Otros docentes viven otro tipo de destierro, una especie de exilio interior. Son disidentes de la comunidad educativa a la que pertenecen, aislados y excluidos simplemente por sublevarse u oponerse a las cada vez más frecuentes imposiciones burocráticas (“aBoerridos”), obligaciones no tipificadas y exigencias extraescolares. Este exilio voluntario representa bien una forma de protesta para evitar la persecución, bien un acto de vergüenza y dignidad frente al abuso de poder o, incluso, una manera de aislarse para poder aprovechar el tiempo para otros asuntos. Estos docentes viven como parias en sus propios centros, pagando un alto precio por pensar y decir lo que piensan, que suele ser lo contrario al canon establecido, siendo obligados a callar y a cumplir las normas (sobre todo las no escritas), amedrentados con continuas presiones que intentan socavar su entereza. Alejados de lo políticamente correcto, humildemente se afanan por ejercer su profesión honradamente y con libertad, cumpliendo con su deber y limitándose a enseñar y a que su alumnado aprenda una materia, contribuyendo a que se forme como una persona crítica, que comprenda y razone y no asuma ni acate. Estos docentes sufren la animadversión de sus superiores y la antipatía de sus compañeros, quedando expuestos a situaciones injustas y represalias. Muchos acaban rindiéndose, pero, como diría el Capitán Alegría en Los girasoles ciegos: “un rendido es un enemigo derrotado, pero sigue siendo un enemigo”. Peores son los que se rindieron y huyeron, convirtiéndose en desertores de la tiza que, por seguir con el símil, son “un enemigo que ha dejado de serlo”.

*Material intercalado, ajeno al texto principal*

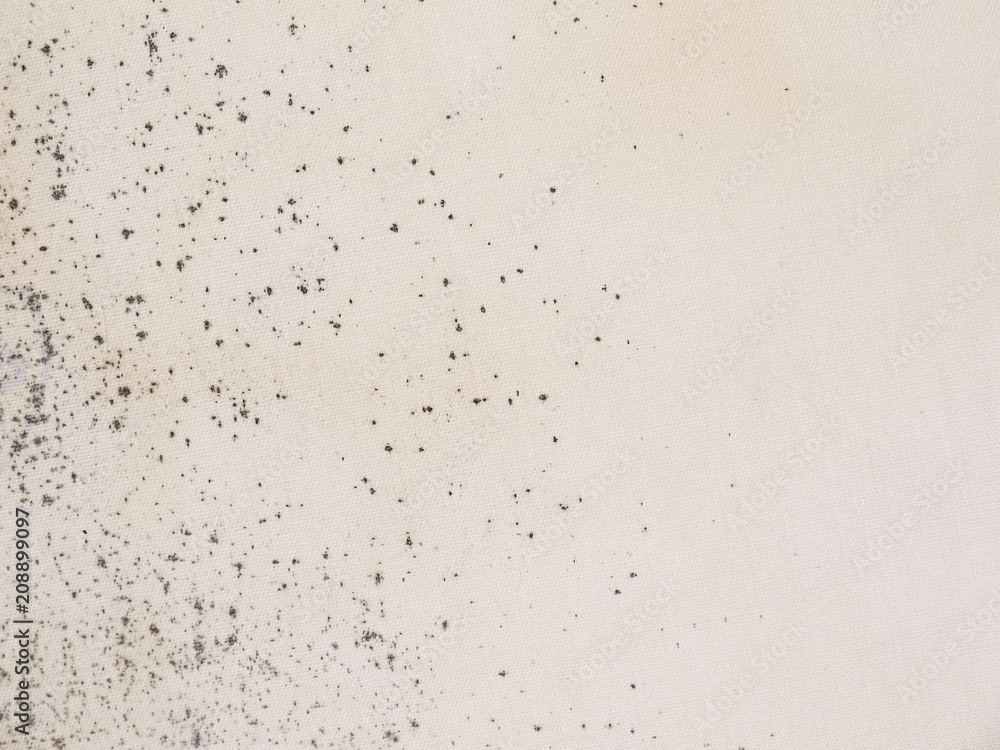 Naklejka premium dirty white fabric cloth texture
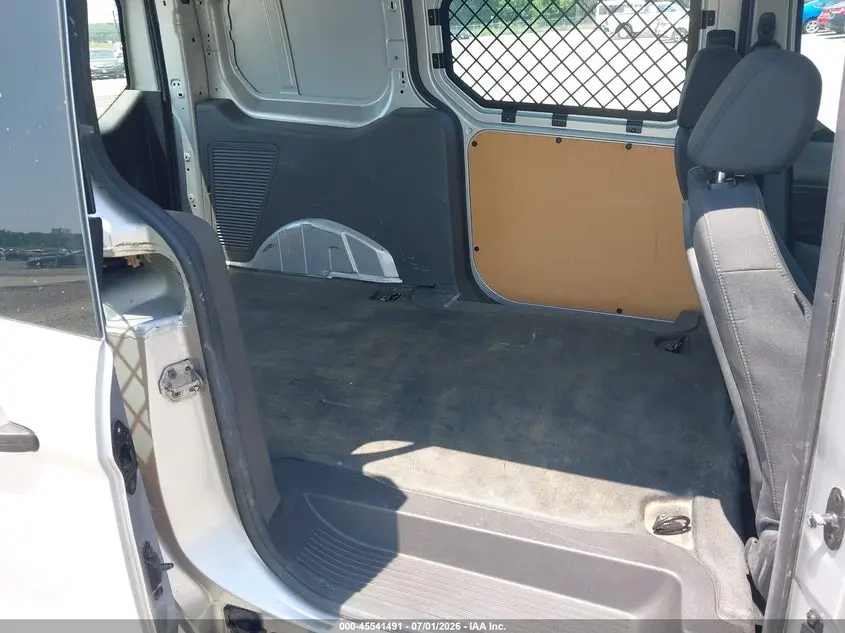 2020 FORD TRANSIT CONNECT XL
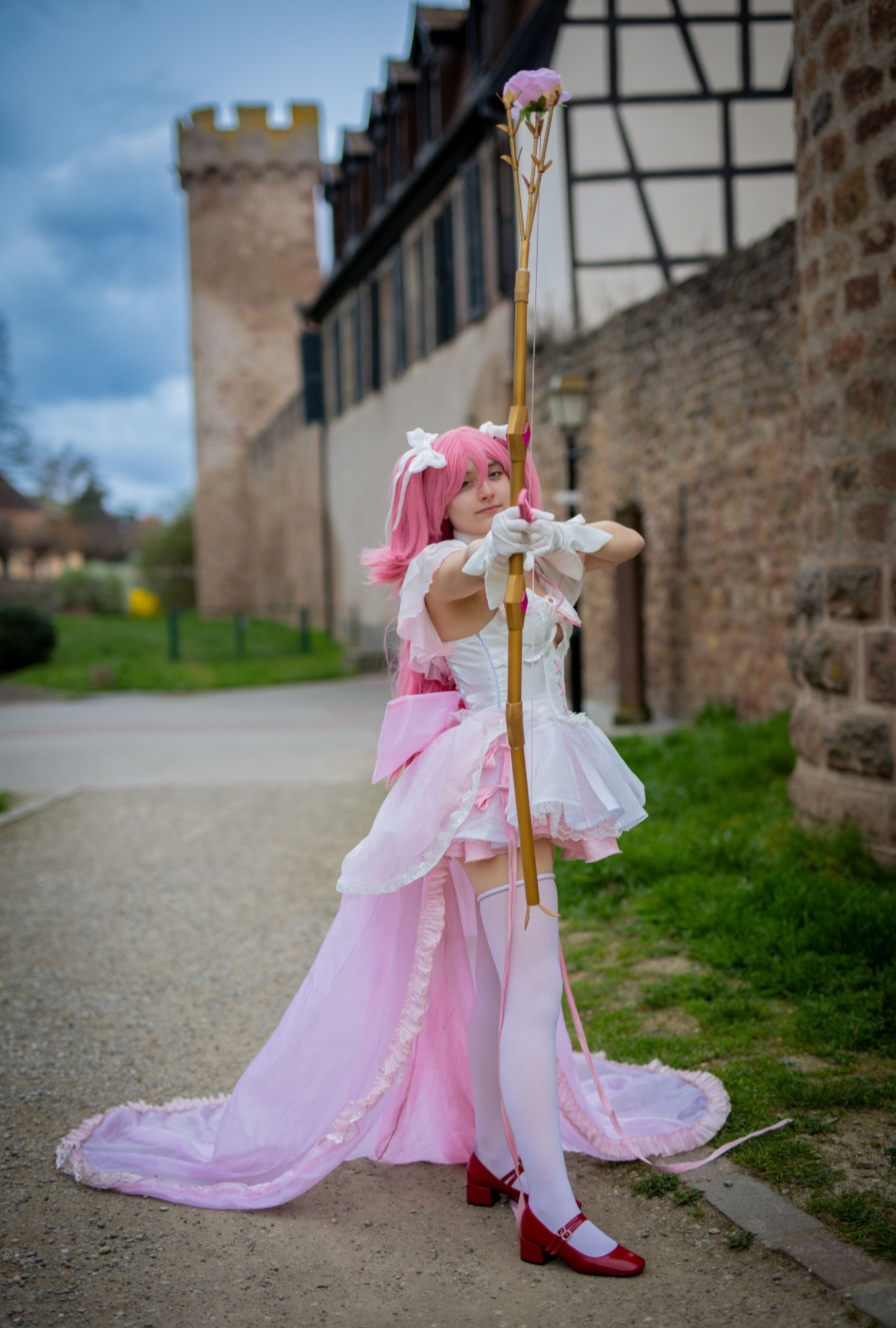 Madoka Goddess — photo 10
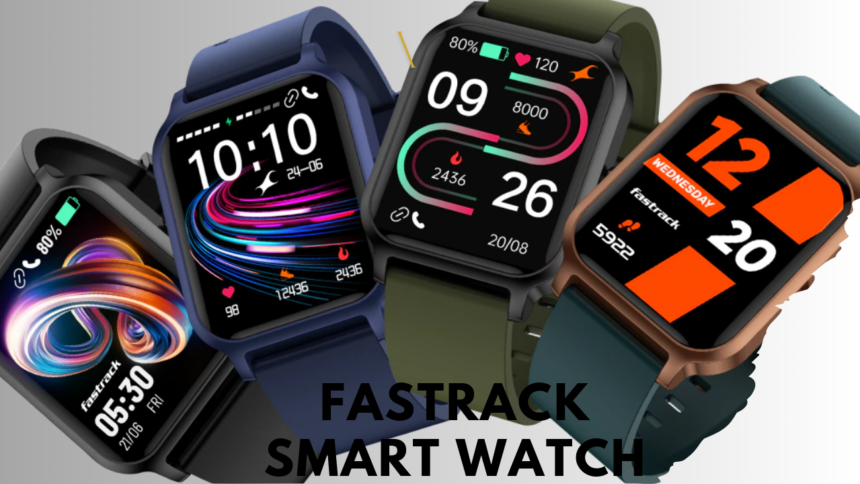 Fastrack Smart Watch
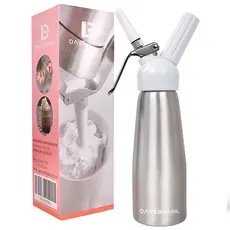 Garrafa de Sifão Chantilly e Espumas MoscowMule ALP 500ml DaysBrasil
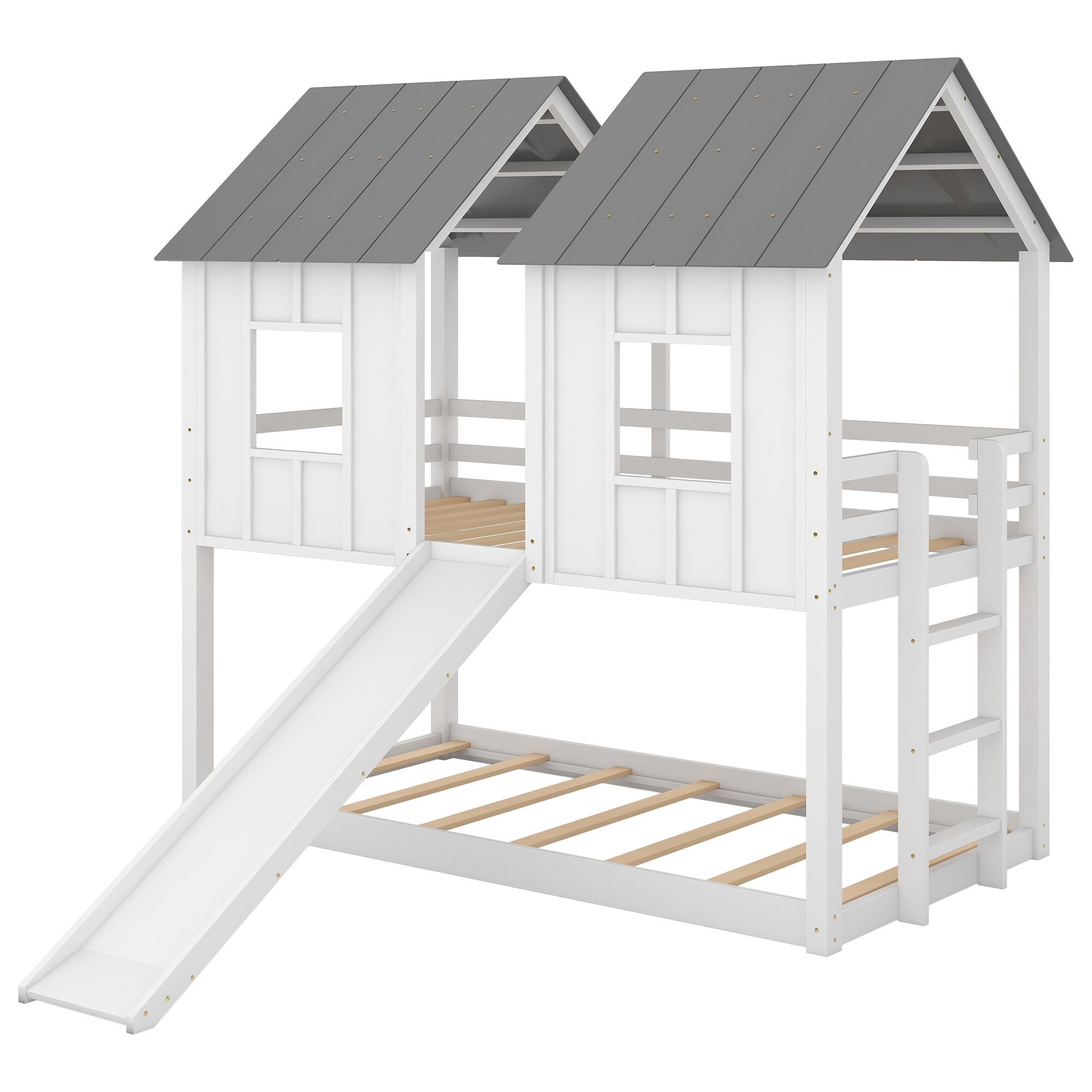 Qualler BWM000920K Bunk-Beds - View #8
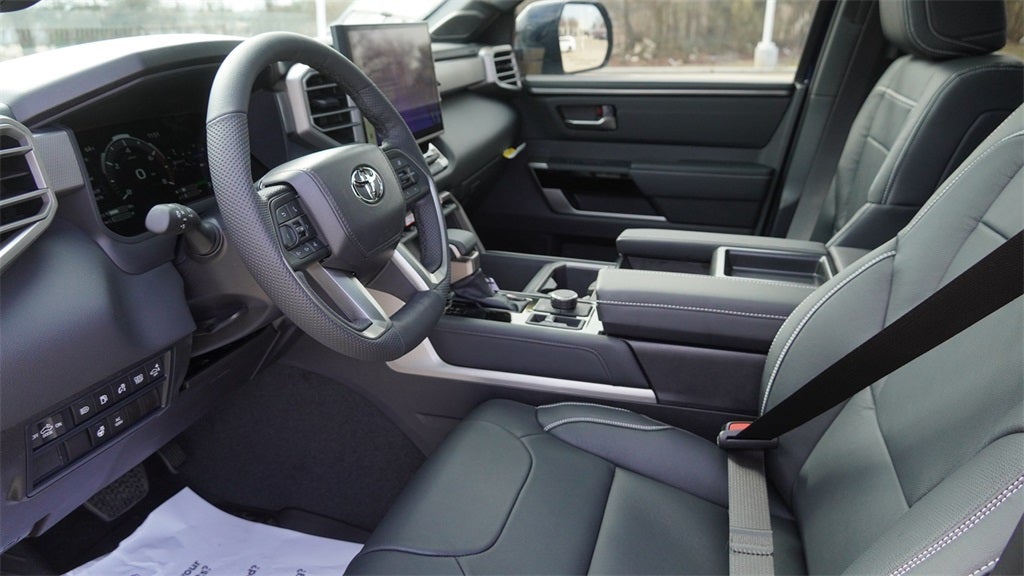 2026 Toyota Tundra i-FORCE MAX Tundra Limited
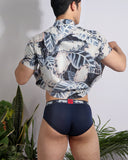 UNDERSTAND<br>BRIEF / U5613<br>(MOONLIT BLUE)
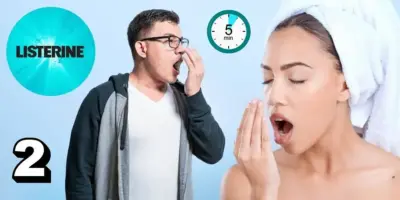 Nem Listerine faz isso: 2 ingredientes naturais acabam com o mau hálito em 5 minutos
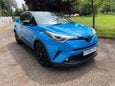 Toyota C-HR DYNAMIC 4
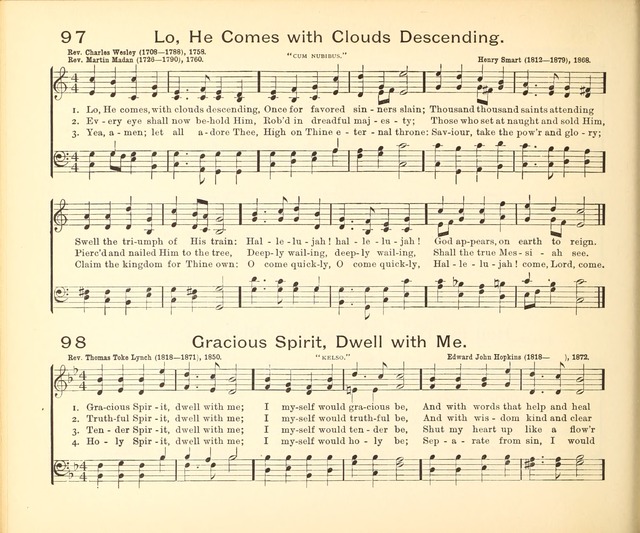 Carmina for the Sunday School and Social Worship page 80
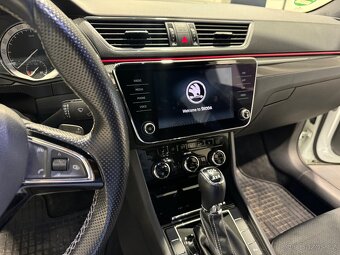 Škoda Superb III SPORTLINE 2.0 TDI 4x4 190ps DSG 10/2017 - 14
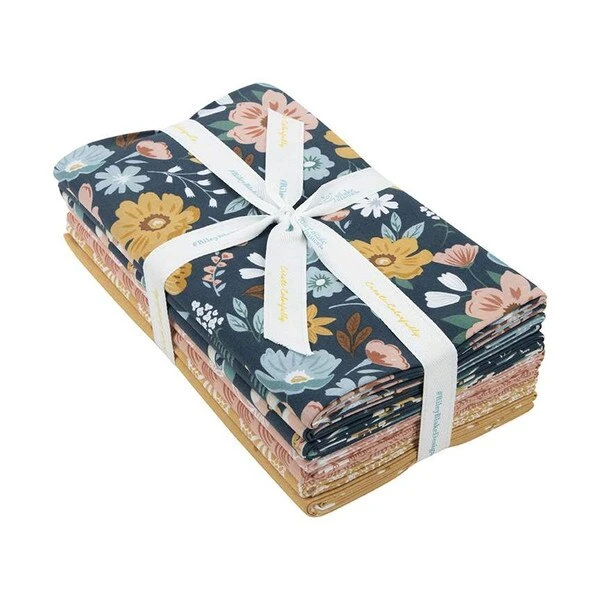 Live, Love, Glamp 1-Yard Bundle Denim 1 Live, Love, Glamp 1-Yard Bundle Denim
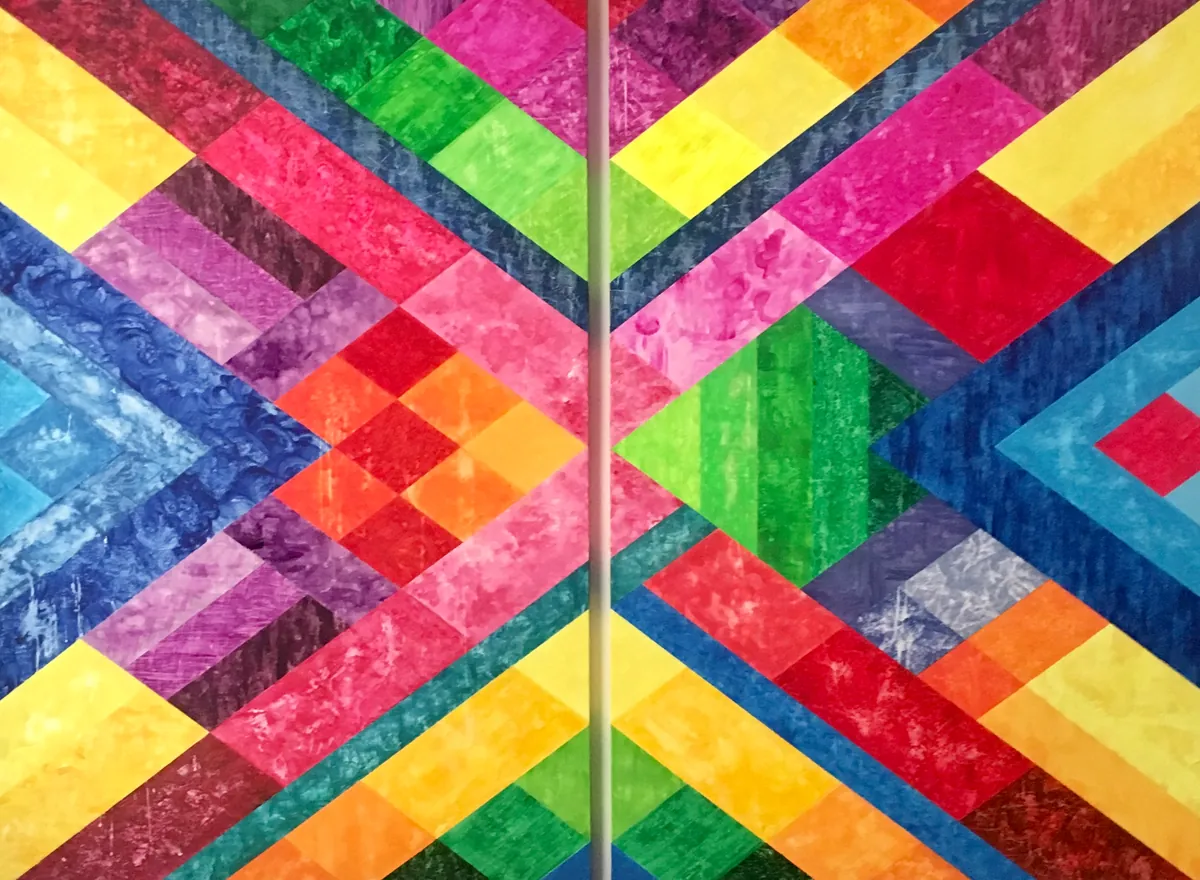 Tejidos indígena - View 2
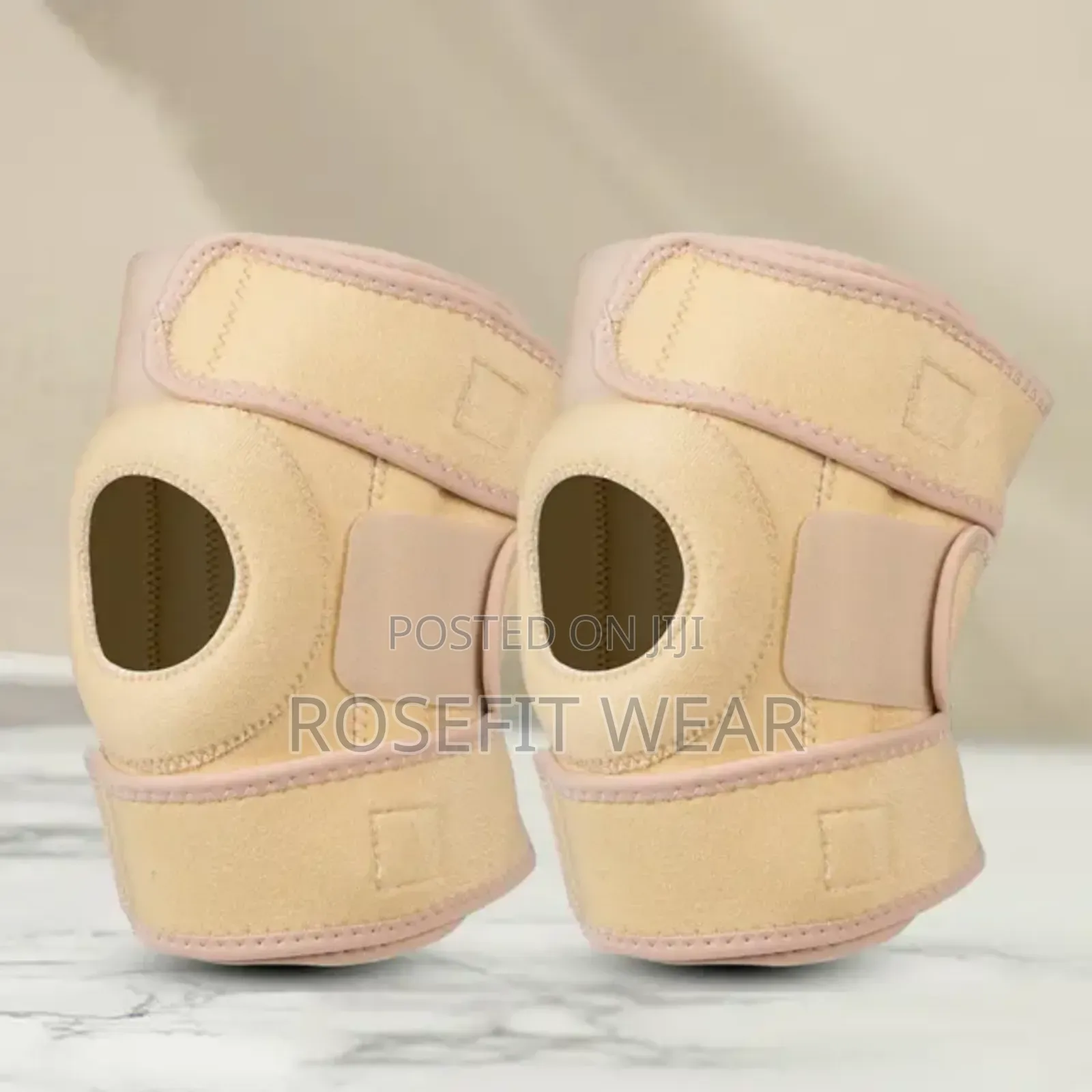 Flexible Knee Support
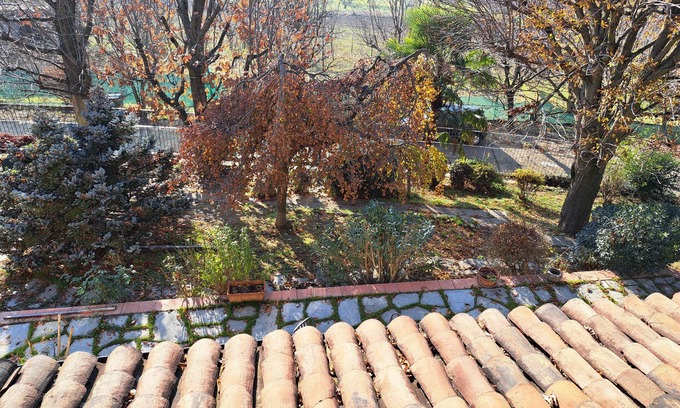 Pecetto Torinese Bed & Breakfast | B&B Casa Martini an oasis in the green hills of Turin.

Unos y otros forman parte de claustros cada vez más variopintos y cambiantes curso tras curso, condenados a una falta de continuidad que dificulta la coordinación a corto plazo y cualquier planificación a largo plazo, así como el afianzamiento de cualquier plan, proyecto o programa que al final se convierten en meros pasatiempos temporales, consentidos y sin sentido, que desplazan la obsoleta educación formal (y los denostados estudio y esfuerzo), apostando por la educación no formal y por la informal. Pero esa ya es otra cuestión.